Dès que j’ai commencé, en 2006, à transposer les premiers textes de ma composition poétique de la langue de création originelle (le créole haïtien) à la langue cible (le français), j’ai vite pris conscience de la nécessité de la traduire en poète, en créateur donc, et non en linguiste, voire sociolinguiste. Il va sans dire que cette composition poétique bilingue se donne à lire comme l’œuvre d’un locuteur habité par deux langues de communication, d’autant plus que je choisirai de poursuivre le processus de création dans une perspective de «pollinisation», de «copulation» entre le créole et le français, livrant ainsi les poèmes au jeu des miroirs, de la séduction en vis-à-vis. Dans mon univers personnel, les deux langues – tramées – se prêtent à la fois aux dimensions ludique, onirique et symbolique. Ce qui me paraît également important dans l’écriture poétique en langue «francocréole», c’est la mise en scène des mots, la manière du poème de tracer des figures géométriques signifiantes et surprenantes sur la page blanche. Dans cette expérience personnelle et singulière, je ne conçois, ni ne perçois le créole haïtien, comme de nombreux critiques et linguistes occidentaux s’entêtent à le considérer : une langue – dialecte disent certains le plus souvent – purement destinée à des pratiques de langage orales. Le créole est donc, pour moi, loin d’être un simple outil linguistique juste propre à évoquer ou à esquisser des anecdotes croustillantes, des récits traditionnels, folkloriques.

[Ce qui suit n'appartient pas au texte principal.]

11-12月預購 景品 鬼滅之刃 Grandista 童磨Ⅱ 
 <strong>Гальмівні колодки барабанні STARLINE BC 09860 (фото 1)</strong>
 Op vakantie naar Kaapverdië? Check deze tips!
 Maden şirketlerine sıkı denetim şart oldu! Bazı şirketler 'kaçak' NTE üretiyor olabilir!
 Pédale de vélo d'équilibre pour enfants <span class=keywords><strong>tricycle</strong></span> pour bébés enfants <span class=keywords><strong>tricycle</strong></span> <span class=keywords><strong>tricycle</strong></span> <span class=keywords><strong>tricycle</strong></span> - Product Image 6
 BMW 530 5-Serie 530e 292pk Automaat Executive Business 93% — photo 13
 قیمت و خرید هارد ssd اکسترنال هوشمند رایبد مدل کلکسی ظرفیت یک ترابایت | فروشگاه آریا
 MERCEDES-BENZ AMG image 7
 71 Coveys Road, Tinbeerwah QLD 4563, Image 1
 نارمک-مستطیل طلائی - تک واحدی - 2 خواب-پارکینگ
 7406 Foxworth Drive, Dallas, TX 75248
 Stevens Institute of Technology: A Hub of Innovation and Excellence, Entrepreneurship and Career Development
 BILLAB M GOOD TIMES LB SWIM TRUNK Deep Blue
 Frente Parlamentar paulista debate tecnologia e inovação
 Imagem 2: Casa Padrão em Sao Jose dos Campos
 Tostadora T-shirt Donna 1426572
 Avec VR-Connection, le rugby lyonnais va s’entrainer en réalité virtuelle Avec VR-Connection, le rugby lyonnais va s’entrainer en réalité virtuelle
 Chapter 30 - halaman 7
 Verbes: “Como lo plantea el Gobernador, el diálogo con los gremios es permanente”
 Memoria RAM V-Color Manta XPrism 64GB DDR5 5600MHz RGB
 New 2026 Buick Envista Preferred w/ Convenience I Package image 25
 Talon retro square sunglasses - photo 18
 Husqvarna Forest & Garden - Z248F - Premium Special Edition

Que le lecteur ou l’auditeur ne se trompe pas : les textes qui suivent émanent des mains, de l’intelligence et du cœur d’un authentique rêveur, un homme-enfant empli de fantasmes, inventant son bonheur à fleur d’encre…

chak fwa lanmou nou vle
tounen ranyon

lè konsa bouch ou kole yon sèl chante
nan mitan tèt mwen

- an n’al konte konbyen zetwal
k’ap koupe lanmè kout je
anba zèl lamizè cheri

lè konsa kè m’plonje nan mitan kè w’
kò m’ fofile kò l’ nan tout fant kò w’

epi vwa w’ tonbe bat zèl li
nan lespri m’
ak yon sèl kesyon

- chat pran lang ou cheri

 

 

 

si lanmou rich nan liv
se chans pa li

si lanmen gen senk dwèt
se chans pa nou

 

 n’a tounen paj la

à chaque fois notre amour voudrait
se convertir en chiffons

à ces moments ta bouche me colle au cœur de la tête cette unique chanson

- allons voir combien d’étoiles sont en train de toiser la mer sous les ailes de la misère mon chéri

et là mon cœur se plonge au cœur de ton cœur
mon corps se glisse dans les coulisses de ton corps

puis ta voix se met à battre ses ailes
dans mon esprit
avec cette unique question

- la chatte a pris ta langue mon chéri

 

 

 

si l’amour s’enrichit dans les livres
c’est sa chance à lire

si la main a cinq doigts
c’est notre chance à nous

 

nous tournerons la page

Notes

  1. Jean-Durosier Desrivières, Lang nou souse nan sous – Notre langue se ressource aux sources, composition poétique bilingue. Illustrations de Valérie John. Paris, Caractères, 2011.
     
  2. Ce texte parait pour la première fois dans Haïti, Enjeux d’écriture, sous la direction de Sylvie Brodziak. PUV, Université Paris 8, Saint-Denis, 2013, p. 25-33.
     
  3. Lobo Dyabavadra Pedrito Pitimi, de son vrai nom Kharl Marcel Casseus, grand comédien-diseur de la Compagnie Hervé Denis. Il s’est suicidé le 12 novembre 1997, à Paris, en se jetant du 12ème étage d’un immeuble.
     
  4. Christiane Chaulet Achour (Dir), Dictionnaire des écrivains classiques francophones, Paris, éd. Honoré Champion, 2010.
     
  5. Georges Castera, «Tanbou kreyòl», Rèl, Miami, À Contre-Courant, 1995. Traduction française de Rodney Saint-Eloi.